Parliamentary funding and petitions

The Herald reports that the Greens are spending $75,000 of their Parliamentary funding on signature gatherers for the referendum against privatisation. Shock! Horror! Rorting the system!

Well, no. As the article points out, it is "within the rules". Of course, so supposedly was Bill English rorting us for his Wellington housing costs, so that's not much of a defence. But what about the merits?

Party support funding is allocated to "fund the leader's office". That's a bit vague, but the Directions by the Speaker of the House of Representatives 2011 [PDF] gives more detail: it is to be used (among other things) to help parties with "discharging their responsibilities as legislators and elected representatives", "developing, researching, critiquing, and communicating policy" (which is really part of the first), and in communicating with constituents both about how to contact your MP and about what those MPs are doing and what their views are on public issues. What this means in practice is that it gets used for press releases, electorate newsletters and "issue advertising". The latter frequently involves a call for democratic engagement and participation, either by contacting a Minister, submitting on legislation, or (and this one is a biggie) signing a petition to Parliament.
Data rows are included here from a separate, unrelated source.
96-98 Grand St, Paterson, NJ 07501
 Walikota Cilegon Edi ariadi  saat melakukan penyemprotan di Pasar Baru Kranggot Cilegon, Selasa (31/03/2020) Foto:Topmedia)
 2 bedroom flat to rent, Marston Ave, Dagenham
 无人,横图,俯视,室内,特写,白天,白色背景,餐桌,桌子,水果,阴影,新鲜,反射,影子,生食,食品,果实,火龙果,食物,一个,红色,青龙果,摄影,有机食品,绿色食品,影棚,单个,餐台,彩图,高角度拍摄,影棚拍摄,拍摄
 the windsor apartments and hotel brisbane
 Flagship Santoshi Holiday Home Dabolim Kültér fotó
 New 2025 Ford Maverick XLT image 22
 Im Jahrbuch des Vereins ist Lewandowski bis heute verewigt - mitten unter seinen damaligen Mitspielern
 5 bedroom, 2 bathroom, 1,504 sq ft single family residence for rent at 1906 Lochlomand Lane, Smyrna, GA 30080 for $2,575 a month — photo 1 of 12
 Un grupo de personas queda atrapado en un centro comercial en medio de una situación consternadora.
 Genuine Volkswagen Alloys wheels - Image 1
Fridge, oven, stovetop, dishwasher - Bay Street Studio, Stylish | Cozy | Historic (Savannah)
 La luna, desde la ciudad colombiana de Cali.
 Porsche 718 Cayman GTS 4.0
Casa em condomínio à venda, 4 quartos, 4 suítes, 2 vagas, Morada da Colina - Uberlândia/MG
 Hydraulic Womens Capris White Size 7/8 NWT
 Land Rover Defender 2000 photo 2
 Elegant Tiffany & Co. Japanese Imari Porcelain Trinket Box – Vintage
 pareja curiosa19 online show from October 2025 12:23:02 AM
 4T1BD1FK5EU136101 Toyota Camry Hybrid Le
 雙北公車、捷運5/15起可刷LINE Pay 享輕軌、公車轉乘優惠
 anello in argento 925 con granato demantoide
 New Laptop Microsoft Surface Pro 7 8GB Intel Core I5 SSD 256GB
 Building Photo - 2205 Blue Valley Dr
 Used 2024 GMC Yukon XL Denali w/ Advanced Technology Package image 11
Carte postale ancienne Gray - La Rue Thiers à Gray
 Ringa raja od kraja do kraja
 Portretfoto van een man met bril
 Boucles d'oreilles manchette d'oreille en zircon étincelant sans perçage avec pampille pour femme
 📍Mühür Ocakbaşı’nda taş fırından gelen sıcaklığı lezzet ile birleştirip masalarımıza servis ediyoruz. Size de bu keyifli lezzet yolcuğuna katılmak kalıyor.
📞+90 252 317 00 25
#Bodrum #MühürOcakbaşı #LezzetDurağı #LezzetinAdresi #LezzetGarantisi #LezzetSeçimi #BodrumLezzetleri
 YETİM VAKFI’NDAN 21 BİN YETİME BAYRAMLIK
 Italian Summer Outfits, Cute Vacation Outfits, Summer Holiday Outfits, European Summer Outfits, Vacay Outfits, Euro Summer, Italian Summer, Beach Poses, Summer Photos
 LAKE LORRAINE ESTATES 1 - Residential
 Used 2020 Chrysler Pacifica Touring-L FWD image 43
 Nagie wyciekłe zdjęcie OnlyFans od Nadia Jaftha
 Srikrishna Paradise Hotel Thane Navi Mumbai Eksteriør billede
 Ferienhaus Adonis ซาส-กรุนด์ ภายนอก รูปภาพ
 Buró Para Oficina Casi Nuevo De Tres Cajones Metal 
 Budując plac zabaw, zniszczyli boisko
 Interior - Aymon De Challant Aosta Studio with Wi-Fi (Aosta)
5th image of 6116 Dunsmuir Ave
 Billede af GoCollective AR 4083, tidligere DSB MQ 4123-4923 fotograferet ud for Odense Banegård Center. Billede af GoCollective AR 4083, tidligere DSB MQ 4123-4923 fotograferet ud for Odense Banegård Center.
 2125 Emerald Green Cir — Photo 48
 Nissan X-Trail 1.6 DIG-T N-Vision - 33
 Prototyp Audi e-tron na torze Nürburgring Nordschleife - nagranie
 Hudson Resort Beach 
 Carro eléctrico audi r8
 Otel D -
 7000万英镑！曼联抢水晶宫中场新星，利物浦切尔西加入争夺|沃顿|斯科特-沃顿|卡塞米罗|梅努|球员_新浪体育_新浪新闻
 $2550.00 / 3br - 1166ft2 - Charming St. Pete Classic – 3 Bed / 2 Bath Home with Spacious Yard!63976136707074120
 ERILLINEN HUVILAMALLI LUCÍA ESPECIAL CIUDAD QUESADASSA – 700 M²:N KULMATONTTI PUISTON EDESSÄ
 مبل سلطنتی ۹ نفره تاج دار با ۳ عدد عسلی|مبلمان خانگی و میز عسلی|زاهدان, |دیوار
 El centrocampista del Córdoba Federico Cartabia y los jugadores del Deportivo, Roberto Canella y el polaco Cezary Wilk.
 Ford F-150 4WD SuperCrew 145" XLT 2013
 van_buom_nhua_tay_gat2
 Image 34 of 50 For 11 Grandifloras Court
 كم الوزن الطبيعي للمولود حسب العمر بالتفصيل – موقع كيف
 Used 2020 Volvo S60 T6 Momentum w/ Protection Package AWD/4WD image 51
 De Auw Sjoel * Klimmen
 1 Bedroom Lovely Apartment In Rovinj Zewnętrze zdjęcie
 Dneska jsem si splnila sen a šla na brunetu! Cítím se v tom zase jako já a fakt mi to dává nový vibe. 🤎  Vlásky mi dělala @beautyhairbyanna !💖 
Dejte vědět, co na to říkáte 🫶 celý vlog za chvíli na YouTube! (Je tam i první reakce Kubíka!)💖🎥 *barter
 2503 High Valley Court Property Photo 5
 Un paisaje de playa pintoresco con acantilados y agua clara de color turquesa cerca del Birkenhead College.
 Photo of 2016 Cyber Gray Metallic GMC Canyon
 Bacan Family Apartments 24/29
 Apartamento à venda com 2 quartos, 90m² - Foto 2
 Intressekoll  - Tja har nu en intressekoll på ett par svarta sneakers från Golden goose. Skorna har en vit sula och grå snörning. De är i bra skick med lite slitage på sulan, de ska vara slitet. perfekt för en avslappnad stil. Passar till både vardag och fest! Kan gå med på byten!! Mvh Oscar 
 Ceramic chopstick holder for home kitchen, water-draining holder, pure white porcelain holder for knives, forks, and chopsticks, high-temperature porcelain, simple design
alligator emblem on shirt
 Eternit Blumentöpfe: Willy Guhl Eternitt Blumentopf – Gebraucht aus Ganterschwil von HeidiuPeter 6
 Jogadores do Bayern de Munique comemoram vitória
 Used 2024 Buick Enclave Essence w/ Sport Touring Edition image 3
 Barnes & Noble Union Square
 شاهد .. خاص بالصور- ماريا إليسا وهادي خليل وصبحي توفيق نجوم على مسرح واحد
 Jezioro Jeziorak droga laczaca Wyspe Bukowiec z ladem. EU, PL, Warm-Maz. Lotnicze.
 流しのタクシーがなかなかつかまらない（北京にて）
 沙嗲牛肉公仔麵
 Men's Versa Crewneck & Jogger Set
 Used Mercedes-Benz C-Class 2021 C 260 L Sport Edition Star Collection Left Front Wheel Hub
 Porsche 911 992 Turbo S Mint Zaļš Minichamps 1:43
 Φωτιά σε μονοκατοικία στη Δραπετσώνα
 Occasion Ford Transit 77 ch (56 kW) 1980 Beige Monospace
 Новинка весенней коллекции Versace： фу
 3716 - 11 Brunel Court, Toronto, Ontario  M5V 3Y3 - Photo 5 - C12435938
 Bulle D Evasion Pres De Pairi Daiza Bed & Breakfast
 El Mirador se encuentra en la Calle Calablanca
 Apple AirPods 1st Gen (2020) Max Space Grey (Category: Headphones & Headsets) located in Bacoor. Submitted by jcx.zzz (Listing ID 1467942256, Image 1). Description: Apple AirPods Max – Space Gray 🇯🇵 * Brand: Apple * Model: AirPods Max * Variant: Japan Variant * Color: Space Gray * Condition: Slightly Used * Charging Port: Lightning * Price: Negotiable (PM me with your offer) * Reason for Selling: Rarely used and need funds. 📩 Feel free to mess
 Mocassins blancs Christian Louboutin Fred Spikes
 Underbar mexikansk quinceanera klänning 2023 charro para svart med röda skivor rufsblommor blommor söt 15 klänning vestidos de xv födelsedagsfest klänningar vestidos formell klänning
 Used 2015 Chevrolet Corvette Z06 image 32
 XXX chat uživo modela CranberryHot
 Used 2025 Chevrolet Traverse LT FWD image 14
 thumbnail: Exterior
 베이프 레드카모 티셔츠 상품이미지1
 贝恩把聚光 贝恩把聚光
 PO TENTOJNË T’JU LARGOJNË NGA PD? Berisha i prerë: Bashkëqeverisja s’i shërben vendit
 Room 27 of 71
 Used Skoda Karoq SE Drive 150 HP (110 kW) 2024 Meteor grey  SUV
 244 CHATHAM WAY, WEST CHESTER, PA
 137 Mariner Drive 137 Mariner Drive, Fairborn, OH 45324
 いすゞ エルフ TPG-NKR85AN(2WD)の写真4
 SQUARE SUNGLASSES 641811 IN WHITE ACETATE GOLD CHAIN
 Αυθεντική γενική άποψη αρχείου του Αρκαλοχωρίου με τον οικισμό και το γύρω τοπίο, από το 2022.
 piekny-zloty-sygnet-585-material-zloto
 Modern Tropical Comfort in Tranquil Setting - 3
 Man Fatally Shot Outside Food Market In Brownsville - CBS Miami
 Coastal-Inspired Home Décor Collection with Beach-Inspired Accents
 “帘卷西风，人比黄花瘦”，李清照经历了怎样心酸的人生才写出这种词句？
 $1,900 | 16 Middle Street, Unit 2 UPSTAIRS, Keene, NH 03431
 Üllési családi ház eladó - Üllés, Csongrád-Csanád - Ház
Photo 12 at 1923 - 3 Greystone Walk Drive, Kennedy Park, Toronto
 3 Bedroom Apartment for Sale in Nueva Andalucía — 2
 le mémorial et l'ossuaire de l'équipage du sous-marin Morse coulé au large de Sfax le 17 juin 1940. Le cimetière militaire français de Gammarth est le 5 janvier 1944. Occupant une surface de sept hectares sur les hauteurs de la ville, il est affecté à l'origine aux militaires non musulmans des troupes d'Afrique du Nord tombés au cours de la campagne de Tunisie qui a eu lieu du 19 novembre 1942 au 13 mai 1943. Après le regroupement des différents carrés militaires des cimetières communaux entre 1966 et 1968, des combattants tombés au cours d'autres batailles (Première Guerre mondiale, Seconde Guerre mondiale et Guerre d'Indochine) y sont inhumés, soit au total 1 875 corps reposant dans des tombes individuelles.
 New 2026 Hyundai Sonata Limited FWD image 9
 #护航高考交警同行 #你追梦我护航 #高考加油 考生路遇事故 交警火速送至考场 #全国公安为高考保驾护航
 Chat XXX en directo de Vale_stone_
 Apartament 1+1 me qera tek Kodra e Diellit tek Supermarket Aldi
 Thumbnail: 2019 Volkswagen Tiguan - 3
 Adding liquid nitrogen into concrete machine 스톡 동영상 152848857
Frankly, I don't see any real difference between promoting a CIR petition and a normal one. They're both going to the same place: the House of Representatives. The House differs in its handling of the petitions - those pre-notified under the CIR Act are handled by the Clerk under a statutory process, those which aren't are considered by a select committee - and a CIR is likely more effective than an ordinary petition. But that doesn't seem like much of a difference to hang a funding restriction on. Meanwhile, both petitions are doing exactly the same thing: letting the public have their say.

But I guess, to those objecting, that's the problem, isn't it?